The Types of Human Interfaces
The creation of human and organizational interfaces to tasks is ubiquitous.

Daemons
A commonly created sort of interface to a task is what in computer science is called a daemon. A daemon is an agent that monitors a world waiting for certain specified conditions . When the trigger
conditions exist , the daemon takes a specified action.

Buffers
Information buffers enable the operators , whose job is to make the observations as nearly simultaneously as is possible  to operate asynchronously . There may be a great deal of variation in the pace of the work done by the members of a navigation team. The buffering activity introduces slack into the system so that the temporal constraints of an operator do not interfere with the temporal constraints of an other operator.   Each pair of operators  permits communication to take place when the sender and the receiver are not overloaded.

Buffering contributes to " loose coupling " of the system.

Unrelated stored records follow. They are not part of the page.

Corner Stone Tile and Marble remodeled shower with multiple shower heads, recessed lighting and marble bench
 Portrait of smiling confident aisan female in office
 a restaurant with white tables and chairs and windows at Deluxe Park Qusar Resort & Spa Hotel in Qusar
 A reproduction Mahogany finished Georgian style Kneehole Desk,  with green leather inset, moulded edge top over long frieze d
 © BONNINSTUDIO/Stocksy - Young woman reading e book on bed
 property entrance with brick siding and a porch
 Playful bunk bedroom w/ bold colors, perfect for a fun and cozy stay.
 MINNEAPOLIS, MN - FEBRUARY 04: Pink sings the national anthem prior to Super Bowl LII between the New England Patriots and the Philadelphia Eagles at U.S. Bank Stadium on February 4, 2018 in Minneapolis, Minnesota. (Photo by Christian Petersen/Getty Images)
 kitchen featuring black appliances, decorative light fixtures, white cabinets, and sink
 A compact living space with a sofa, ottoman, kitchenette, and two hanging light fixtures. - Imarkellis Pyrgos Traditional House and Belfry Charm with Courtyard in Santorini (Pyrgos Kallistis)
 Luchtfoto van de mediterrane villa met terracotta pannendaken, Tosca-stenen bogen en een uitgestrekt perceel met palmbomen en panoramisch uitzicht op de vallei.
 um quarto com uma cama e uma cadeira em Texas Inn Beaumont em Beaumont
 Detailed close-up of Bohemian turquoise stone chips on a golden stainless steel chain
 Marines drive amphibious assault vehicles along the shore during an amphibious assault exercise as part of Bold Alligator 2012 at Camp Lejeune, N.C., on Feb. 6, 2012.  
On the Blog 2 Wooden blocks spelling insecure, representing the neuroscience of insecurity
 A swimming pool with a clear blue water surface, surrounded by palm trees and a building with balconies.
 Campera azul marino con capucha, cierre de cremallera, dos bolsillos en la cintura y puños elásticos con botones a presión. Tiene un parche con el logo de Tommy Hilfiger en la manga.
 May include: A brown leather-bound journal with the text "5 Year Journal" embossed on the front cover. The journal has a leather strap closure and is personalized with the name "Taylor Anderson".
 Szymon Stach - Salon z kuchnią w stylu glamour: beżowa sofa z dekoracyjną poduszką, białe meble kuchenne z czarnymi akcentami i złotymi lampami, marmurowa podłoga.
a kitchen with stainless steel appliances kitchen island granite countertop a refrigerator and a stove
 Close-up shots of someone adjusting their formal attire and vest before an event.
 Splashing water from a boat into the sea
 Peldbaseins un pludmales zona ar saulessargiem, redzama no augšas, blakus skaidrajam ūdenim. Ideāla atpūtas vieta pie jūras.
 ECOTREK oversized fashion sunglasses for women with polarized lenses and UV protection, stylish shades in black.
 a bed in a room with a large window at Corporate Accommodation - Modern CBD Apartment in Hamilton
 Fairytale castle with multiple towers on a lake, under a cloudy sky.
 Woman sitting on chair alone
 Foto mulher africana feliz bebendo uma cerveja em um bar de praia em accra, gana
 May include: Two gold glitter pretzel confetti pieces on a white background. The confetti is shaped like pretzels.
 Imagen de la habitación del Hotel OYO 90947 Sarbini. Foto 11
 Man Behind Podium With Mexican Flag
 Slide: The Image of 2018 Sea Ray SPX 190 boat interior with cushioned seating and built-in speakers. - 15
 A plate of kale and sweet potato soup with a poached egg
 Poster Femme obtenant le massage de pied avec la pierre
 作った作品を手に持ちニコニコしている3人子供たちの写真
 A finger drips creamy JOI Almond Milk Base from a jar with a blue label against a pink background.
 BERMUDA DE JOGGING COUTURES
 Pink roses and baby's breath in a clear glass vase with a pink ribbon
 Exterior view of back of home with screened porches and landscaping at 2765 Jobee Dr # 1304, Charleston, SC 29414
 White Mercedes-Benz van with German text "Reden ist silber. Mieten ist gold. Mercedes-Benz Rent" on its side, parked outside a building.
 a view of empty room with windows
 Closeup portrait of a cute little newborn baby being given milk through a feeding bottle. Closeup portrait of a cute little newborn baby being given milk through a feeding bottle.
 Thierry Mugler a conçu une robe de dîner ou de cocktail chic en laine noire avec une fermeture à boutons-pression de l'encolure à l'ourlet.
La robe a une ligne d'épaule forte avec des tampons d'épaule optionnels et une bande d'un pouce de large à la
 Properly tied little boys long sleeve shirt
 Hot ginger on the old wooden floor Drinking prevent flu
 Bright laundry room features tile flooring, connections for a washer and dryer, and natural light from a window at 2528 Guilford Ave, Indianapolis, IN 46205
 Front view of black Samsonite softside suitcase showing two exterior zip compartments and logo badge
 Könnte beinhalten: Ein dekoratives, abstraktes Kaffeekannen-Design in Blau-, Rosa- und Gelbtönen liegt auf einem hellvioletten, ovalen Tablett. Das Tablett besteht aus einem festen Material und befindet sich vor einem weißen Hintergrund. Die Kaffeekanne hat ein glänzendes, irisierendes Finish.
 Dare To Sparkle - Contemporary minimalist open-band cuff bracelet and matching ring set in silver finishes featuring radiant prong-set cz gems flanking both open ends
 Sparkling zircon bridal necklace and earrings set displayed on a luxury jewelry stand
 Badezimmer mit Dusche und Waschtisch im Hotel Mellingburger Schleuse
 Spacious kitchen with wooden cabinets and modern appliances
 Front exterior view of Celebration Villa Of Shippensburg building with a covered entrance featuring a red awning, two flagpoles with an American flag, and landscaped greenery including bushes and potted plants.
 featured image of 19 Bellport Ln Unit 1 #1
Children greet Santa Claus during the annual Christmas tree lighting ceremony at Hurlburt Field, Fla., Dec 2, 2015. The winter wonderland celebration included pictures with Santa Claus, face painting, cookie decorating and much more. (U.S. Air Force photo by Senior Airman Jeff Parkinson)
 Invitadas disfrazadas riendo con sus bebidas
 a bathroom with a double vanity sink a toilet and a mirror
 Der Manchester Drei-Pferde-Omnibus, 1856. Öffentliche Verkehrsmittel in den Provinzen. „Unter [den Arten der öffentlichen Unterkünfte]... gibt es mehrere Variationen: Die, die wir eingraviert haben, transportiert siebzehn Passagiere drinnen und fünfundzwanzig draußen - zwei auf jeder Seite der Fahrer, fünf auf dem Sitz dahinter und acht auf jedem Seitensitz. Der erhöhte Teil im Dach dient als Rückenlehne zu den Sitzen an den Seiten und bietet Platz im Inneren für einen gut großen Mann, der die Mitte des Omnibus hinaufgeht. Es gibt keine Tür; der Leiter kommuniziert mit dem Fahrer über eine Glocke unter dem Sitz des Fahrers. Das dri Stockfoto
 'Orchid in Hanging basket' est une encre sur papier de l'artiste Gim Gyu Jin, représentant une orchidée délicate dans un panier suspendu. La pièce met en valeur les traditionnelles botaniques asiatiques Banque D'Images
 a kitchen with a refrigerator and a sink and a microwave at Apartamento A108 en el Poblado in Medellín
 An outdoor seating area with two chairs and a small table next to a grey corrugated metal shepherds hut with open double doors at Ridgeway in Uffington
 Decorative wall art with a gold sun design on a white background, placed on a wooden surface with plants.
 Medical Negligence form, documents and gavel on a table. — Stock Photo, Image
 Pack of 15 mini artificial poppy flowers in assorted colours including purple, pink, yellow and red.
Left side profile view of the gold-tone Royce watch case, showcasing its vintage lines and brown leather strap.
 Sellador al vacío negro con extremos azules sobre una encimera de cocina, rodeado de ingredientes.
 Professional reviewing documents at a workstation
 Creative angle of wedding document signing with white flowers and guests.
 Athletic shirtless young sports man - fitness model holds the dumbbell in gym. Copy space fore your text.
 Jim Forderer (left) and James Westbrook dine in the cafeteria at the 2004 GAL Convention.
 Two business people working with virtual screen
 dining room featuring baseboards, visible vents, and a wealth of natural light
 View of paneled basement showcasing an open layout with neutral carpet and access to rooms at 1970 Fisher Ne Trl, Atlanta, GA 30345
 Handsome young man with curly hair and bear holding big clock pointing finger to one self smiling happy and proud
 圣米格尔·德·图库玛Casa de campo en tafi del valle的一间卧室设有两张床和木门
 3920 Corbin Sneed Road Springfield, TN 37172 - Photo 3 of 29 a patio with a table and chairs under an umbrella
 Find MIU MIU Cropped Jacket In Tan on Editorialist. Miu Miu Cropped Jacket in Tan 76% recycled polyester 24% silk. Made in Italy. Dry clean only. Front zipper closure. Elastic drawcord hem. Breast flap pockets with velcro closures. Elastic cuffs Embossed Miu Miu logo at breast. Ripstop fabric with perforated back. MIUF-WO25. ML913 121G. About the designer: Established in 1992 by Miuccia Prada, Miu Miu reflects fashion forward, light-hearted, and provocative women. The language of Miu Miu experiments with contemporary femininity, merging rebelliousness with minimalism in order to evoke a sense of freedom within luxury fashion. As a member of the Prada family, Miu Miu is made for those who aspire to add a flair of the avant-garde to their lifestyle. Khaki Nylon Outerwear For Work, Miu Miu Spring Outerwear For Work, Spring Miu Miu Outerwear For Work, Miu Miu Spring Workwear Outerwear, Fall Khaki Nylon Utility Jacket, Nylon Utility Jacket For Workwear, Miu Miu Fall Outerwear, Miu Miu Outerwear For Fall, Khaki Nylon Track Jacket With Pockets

The buffering prevents the uncontrolled propagation of effects from one part of the system to another . Buffering provides protection against destructive interference between processes running in parallel .

Communication and Memory
The work that is done by individual memory in the solo condition is replaced in the group condition by interpersonal communication .

If we think of individual memory as communication with the self over time, then the replacement of intrapersonal communication by interpersonal communication is an expected consequence of the move from individual to team performance of a task.

Sequential Control of Action 
Sequential control in an orchestra is achieved by having every musician know the plan of the entire piece and also know the place of every instance of his own part within the piece.

A procedure is sequentially unconstrained if the execution of any   enabled operation will never disable any other enabled but as yet unexecuted operation . In this scheme, there is no communication between the active agents other than their effects on a shared environment . Each agent simply mills about taking actions only when he encounters situations on which he can act.

A procedure is sequentially constrained if the execution of any enabled operation will disable any other enabled but as yet unexecuted operation . Where there are sequential constraints , it is  necessary to have some control over the sequence of actions .  The performance of a sequentially constrained procedure may require planning or backtracking .

Navigation Team as a Production Team
Sequentially unconstrained procedures are easily distributed or can be solved by very loosely interconnected systems. Tasks that have sequential constraints require some coordination among the  actions to be taken. There are many ways to achieve this coordination . Specifying the overall pattern of behavior in a script , a score, or an overall plan is an obvious solution to the sequencing problem


In fact, it is possible for the team to organize its behavior in an appropriate sequence without there being a global script or plan anywhere in the system. Each crew member only needs to know what to do when certain conditions are produced in the environment.